* **THE PROBLEM**:
Locate "Beautiful Slate Roof" in the records below, then copy its line and every following line exactly, without the pictures.

* **SUPPLIED MATERIAL**:
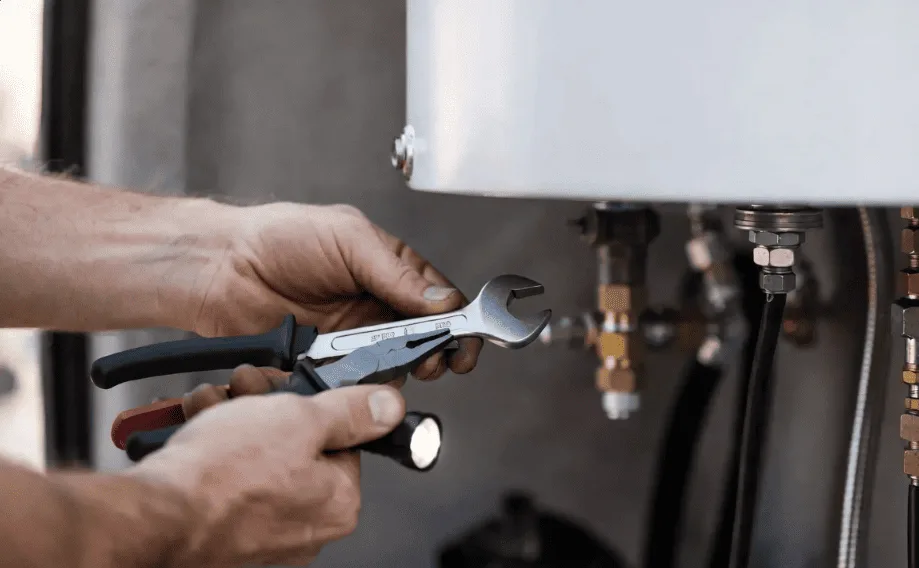 Why choose Water Heater Repair in Anawalt, WV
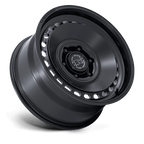 Black Rhino Hard Alloys Br036 Basin 17X8 +32 Matte Black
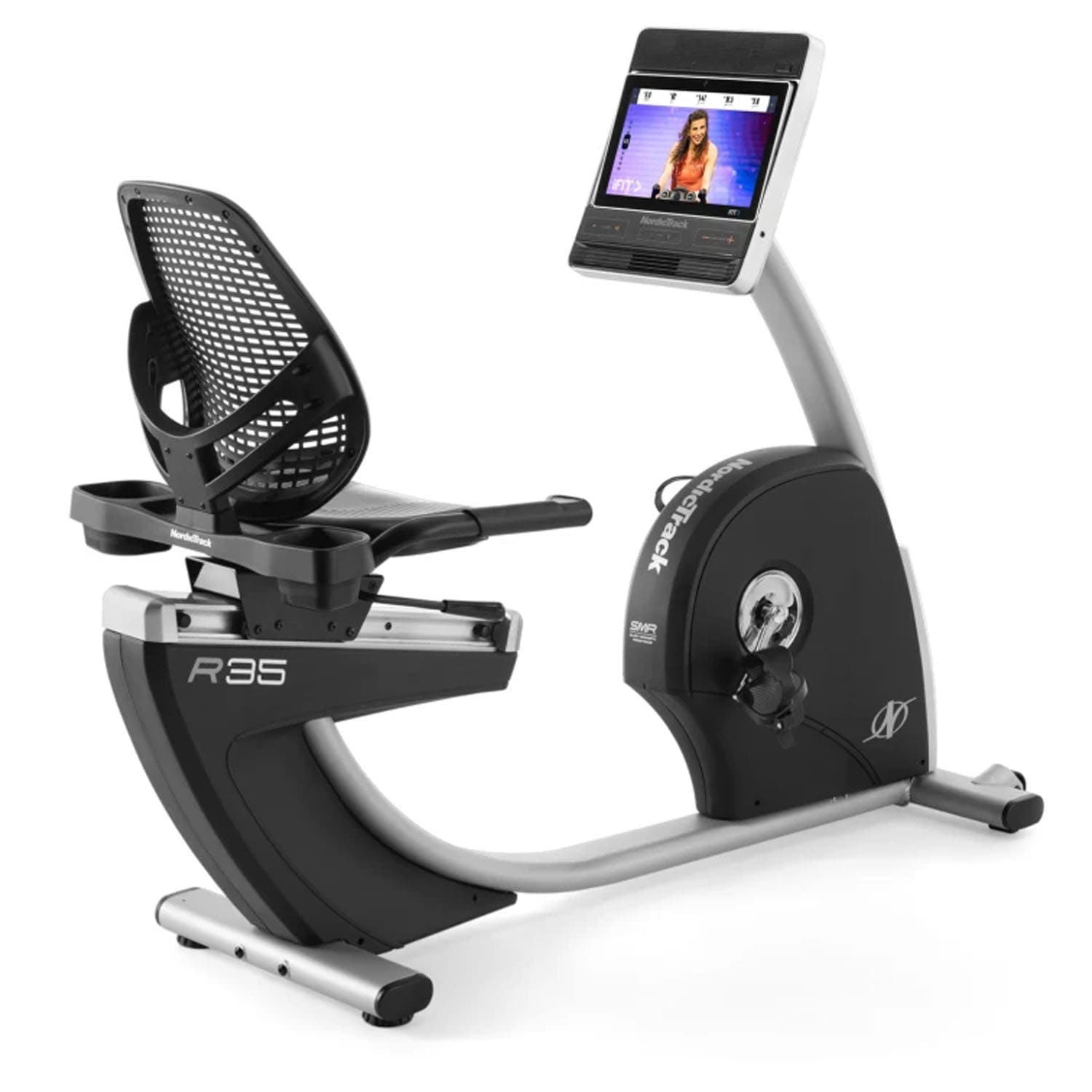 NordicTrack R35 Commercial Recumbent Bike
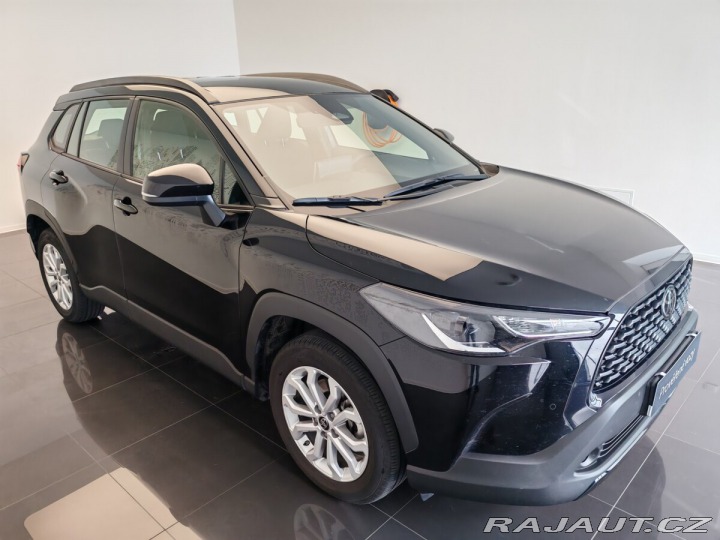 Toyota Corolla Cross 1.8 Hybrid Comfort Busine 2024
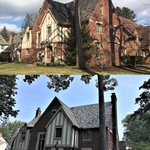 Beautiful Slate Roof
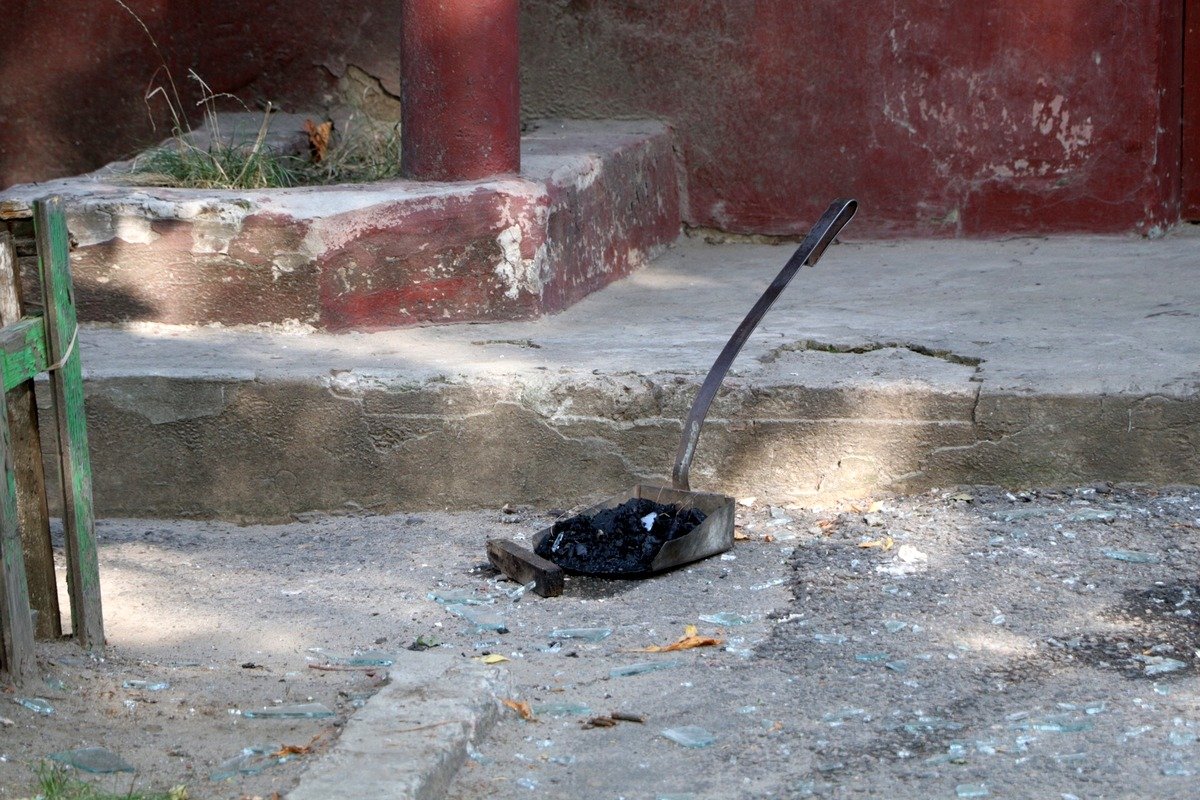 Никто не пострадал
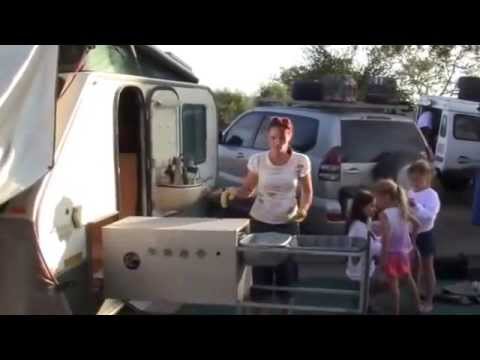 Ihaha Campsite Marais family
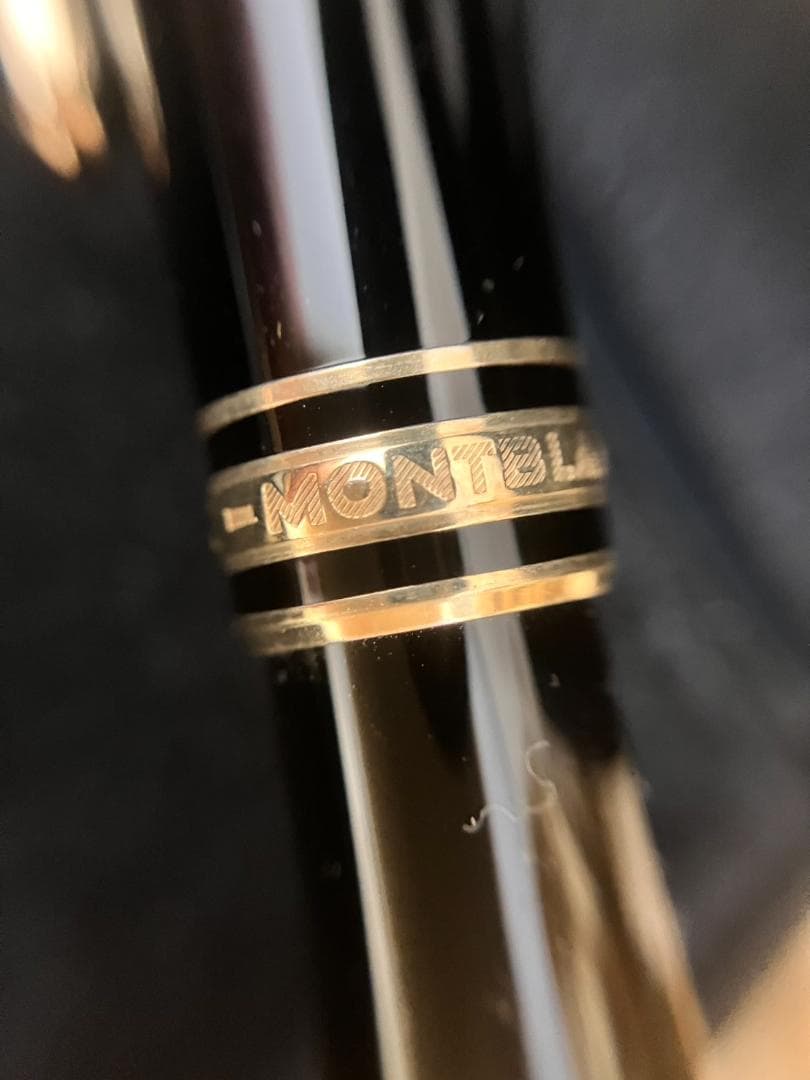 m*y様 ２本セット　モンブラン マイスターシュテュック ボールペン　GERMA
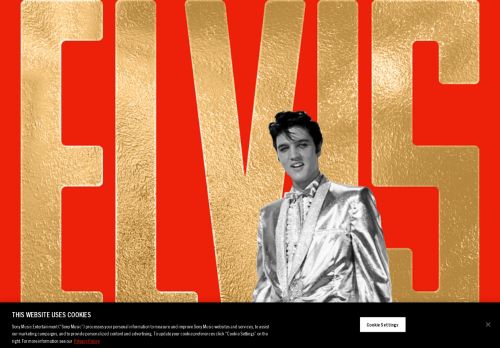 Elvis The Music capture - 2024-01-16 01:27:53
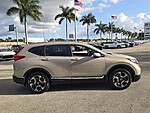 Used 2018 Honda CR-V TOURING AWD in DAVIE, FLORIDA (Photo 3)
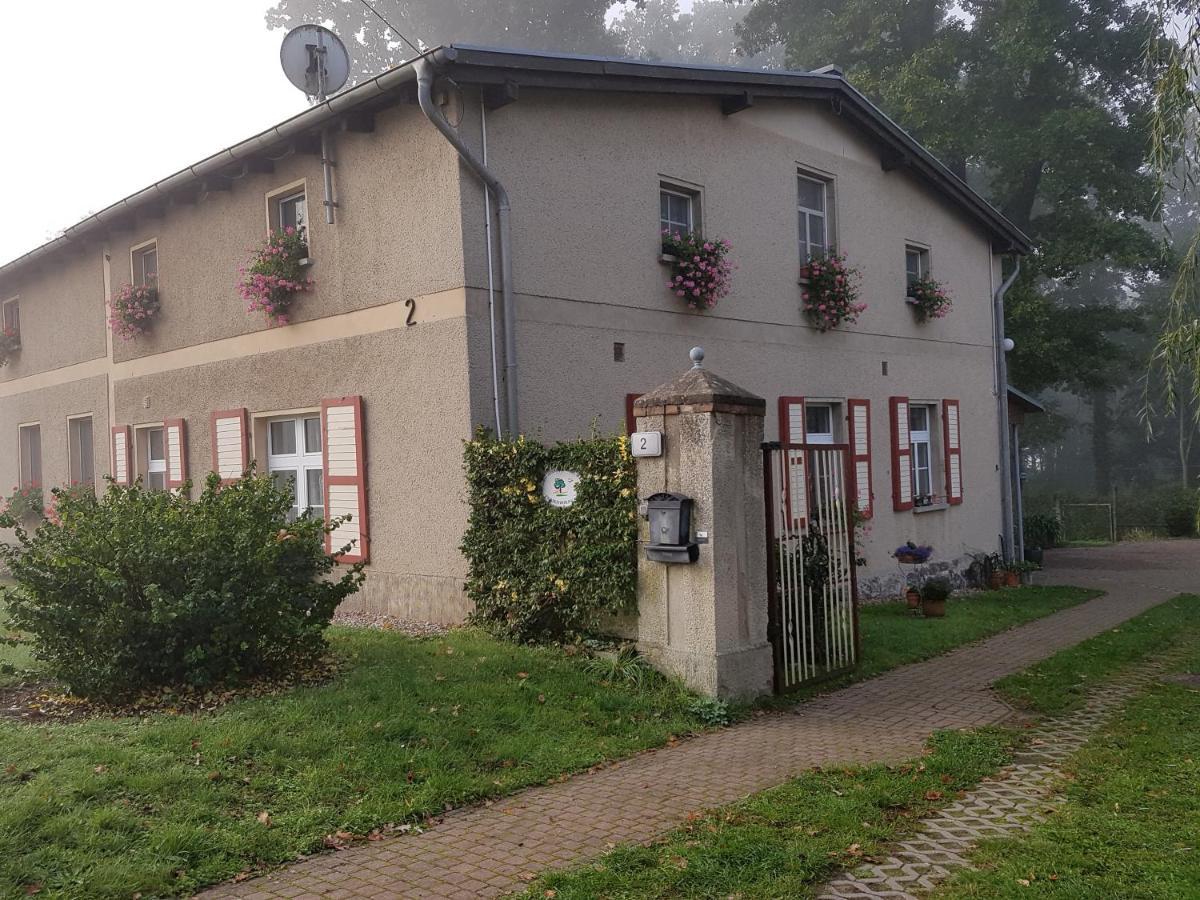 Ferienwohnung Siebmann Neuruppin Εξωτερικό φωτογραφία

* **FINISHED EXERCISE**:
 Beautiful Slate Roof
 Никто не пострадал
 Ihaha Campsite Marais family
 m*y様 ２本セット　モンブラン マイスターシュテュック ボールペン　GERMA
 Elvis The Music capture - 2024-01-16 01:27:53
 Used 2018 Honda CR-V TOURING AWD in DAVIE, FLORIDA (Photo 3)
 Ferienwohnung Siebmann Neuruppin Εξωτερικό φωτογραφία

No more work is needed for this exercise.